According to the CRA, premiums paid to private health services plans may be claimed as a medical expense, provided that 90% or more of the premiums are for eligible medical expenses. 

Other types of travel insurance, such as trip cancellation insurance, trip interruption insurance, and baggage loss insurance, do not qualify for this credit and should not be included in any tax claims related to medical expenses. Only the medical coverage portion of your policy can be used.
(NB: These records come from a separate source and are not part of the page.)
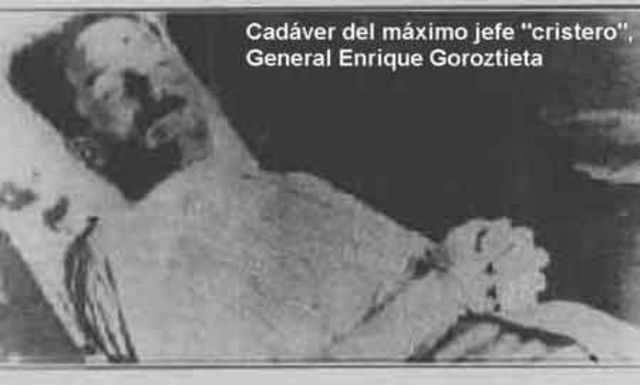 General Enrique Gorozieta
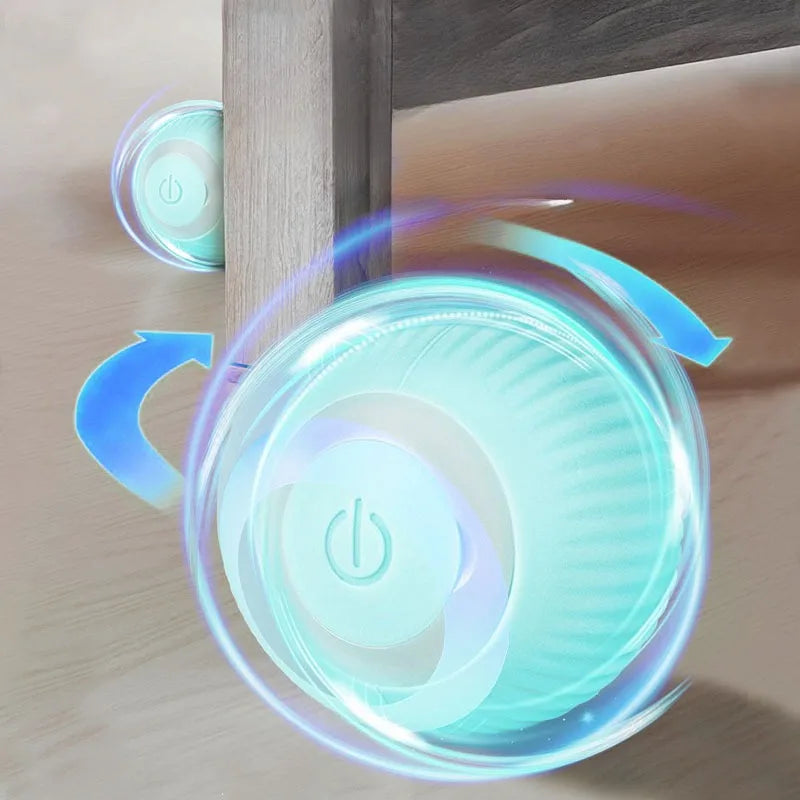 Rechargeable Interactive Cat Ball
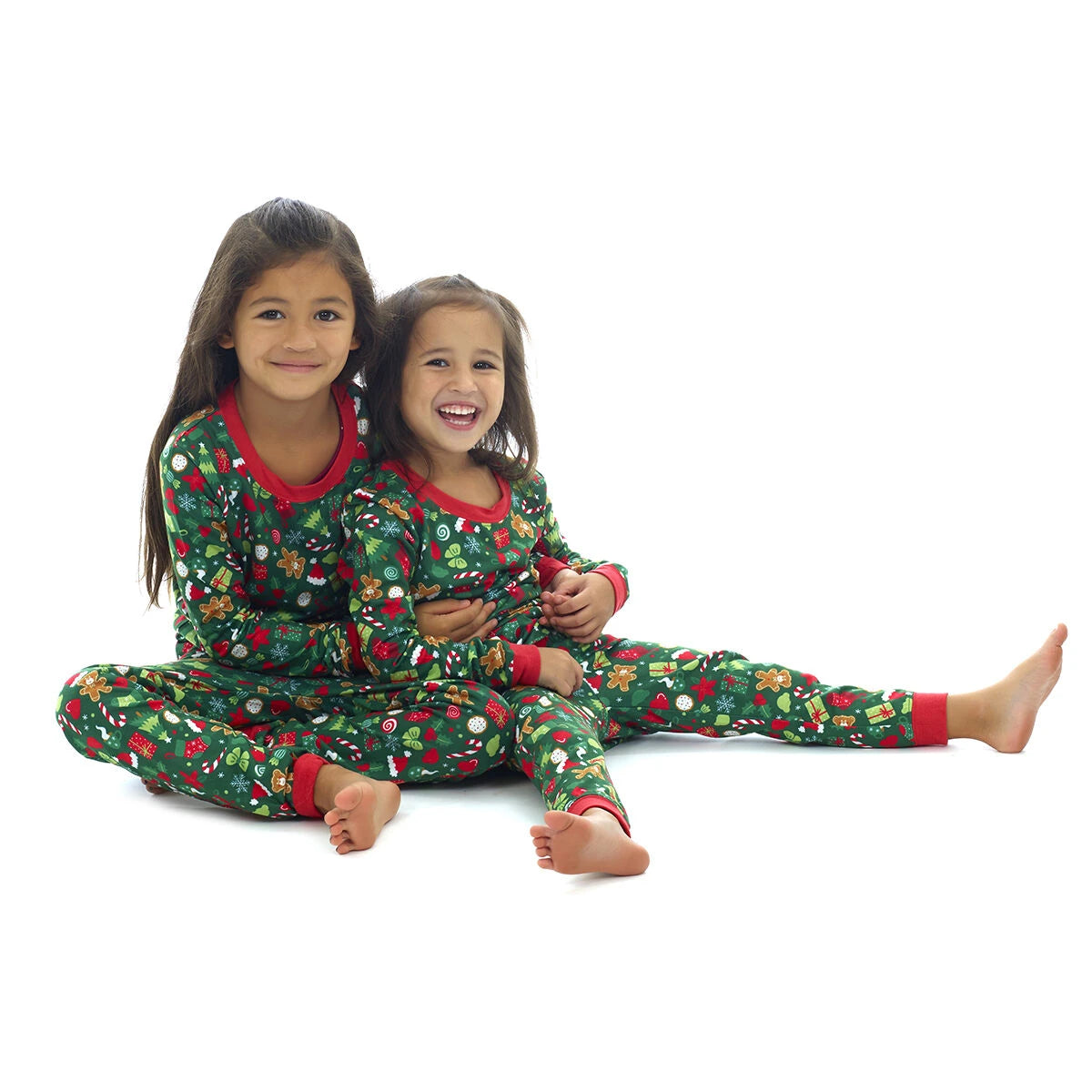 Build-A-Bear Pajama Shop™ Holiday Print Pants - Toddler &amp; Youth - US 2927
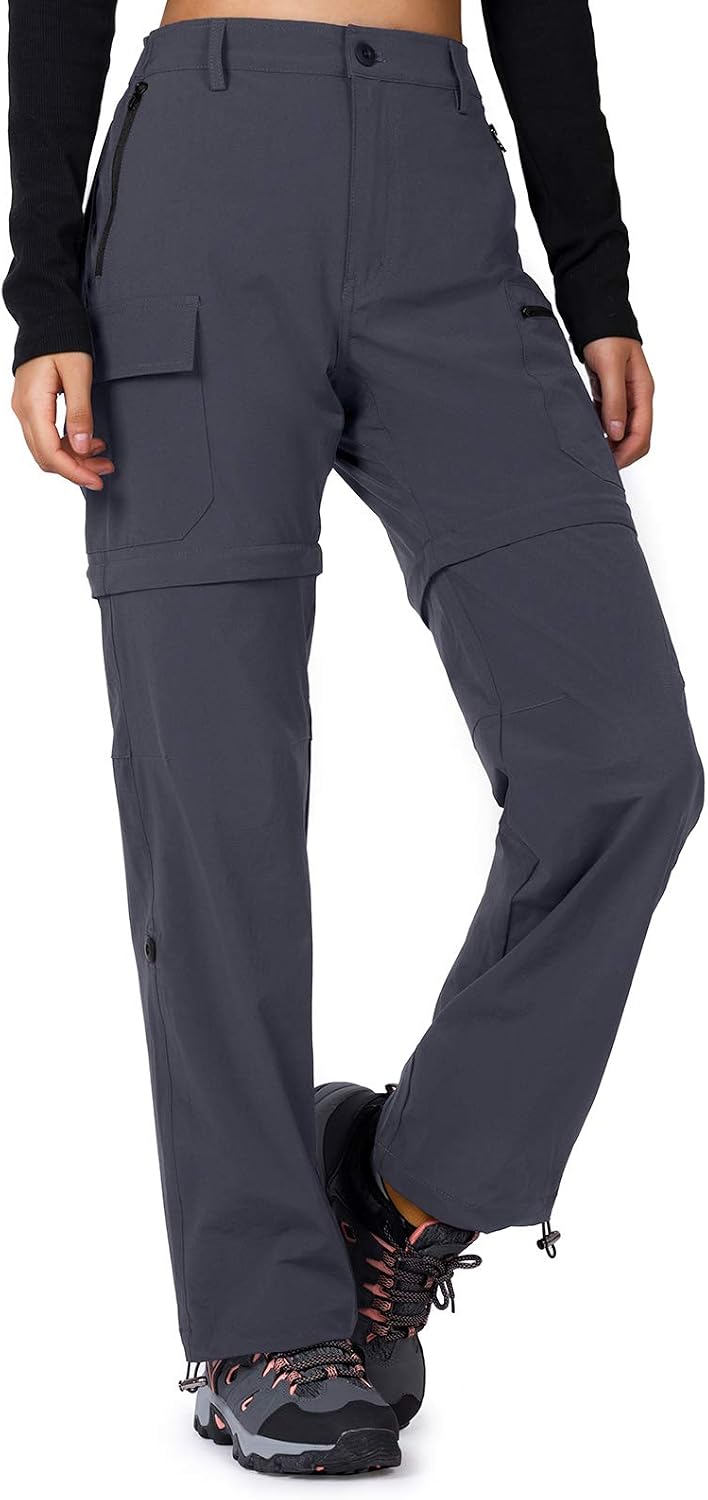 Detalle de Cycorld Convertible Hiking Pants 3‑Way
You can also claim out-of-pocket expenses that insurance will not reimburse you for. 

Which travel medical expenses can I claim under METC? 

Examples of eligible travel expenses that can be claimed as medical expenses on your tax return include:

  • Hospital stays
  • Ambulance services
  • Dental services
  • Prescription drugs

Which travel medical expenses cannot be claimed under METC? 

Examples of travel expenses that are not eligible to claim as medical expenses include:

  • Cosmetic surgery (including teeth whitening)
  • Over-the-counter medication
  • Fitness club fees
  • Medical expenses that you will be reimbursed for from private insurance

Get travel insurance with us today.

In just a few steps, we'll connect you with our verified partner, so you can secure the travel coverage you need for an affordable rate.

How to claim travel medical insurance

You can claim this tax credit if you have eligible medical expenses for:

  • Yourself
  • Your spouse or common-law partner
  • Your children under 18
  • Certain other dependants (like parents, grandparents, siblings, etc.).

If you have a spouse and a common-law partner, you can only claim medical expenses for one, not both.

How is the medical expense tax credit calculated?

The tax credit is 15% of the total eligible medical expenses that exceed the lower of:

  • A fixed amount (which changes yearly).
  • 3% of your net income for the year.

For other dependants (e.g., parents, grandparents), the tax credit is based on 3% of their net income instead of yours.

Who counts as a dependant?

  • A child, grandchild, parent, grandparent, sibling, uncle, aunt, niece, or nephew who depends on you for support (food, shelter, clothing, etc.) and lives in Canada (unless they are your child or grandchild).
  • Children under 18 are not considered dependants for this purpose because their expenses are already covered under your main claim.
  • If you paid for a spouse’s or dependant’s medical expenses while still your spouse/dependant, you can claim them even if they are no longer your spouse or dependant when you file your taxes.
  • Either spouse/common-law partner can claim the total medical expenses for the family.

Conditions for claiming travel medical expenses

To qualify for the tax credit:

  • The medical costs must be eligible under tax rules.
  • You or your legal representative must have paid the expenses.
  • The expenses must have been paid within 12 months ending in the tax year (or 24 months if the patient passed away).
  • The expenses cannot have already been used for another tax deduction.
  • You must have receipts as proof.
  • The expenses must not have been reimbursed by insurance or another source.

Consult a tax professional if you’re not sure about your eligibility.

Keep a record of your expenses

Using the tax credit takes a bit of preparation. Always keep detailed records of your expenses and hold on to all receipts, ensuring they clearly show the name of the company you paid. However, do not send these documents with your tax return, just keep them if the CRA asks to see them later. Generally speaking, you must keep all required records and supporting documents for six years from the end of the last tax year they relate to. Visit Revenu Québec and the CRA for more information.

The bottom line

Travel insurance isn’t just a smart way to protect yourself from unexpected medical costs; you can also use the medical portion to reduce your overall tax burden with the Medical Expense Tax Credit. Whether you're a frequent traveler or planning a one-time trip, claiming the eligible portion of your travel insurance costs can help you save money while staying protected. Consult with a tax professional to ensure you maximize your deductions and meet all CRA requirements.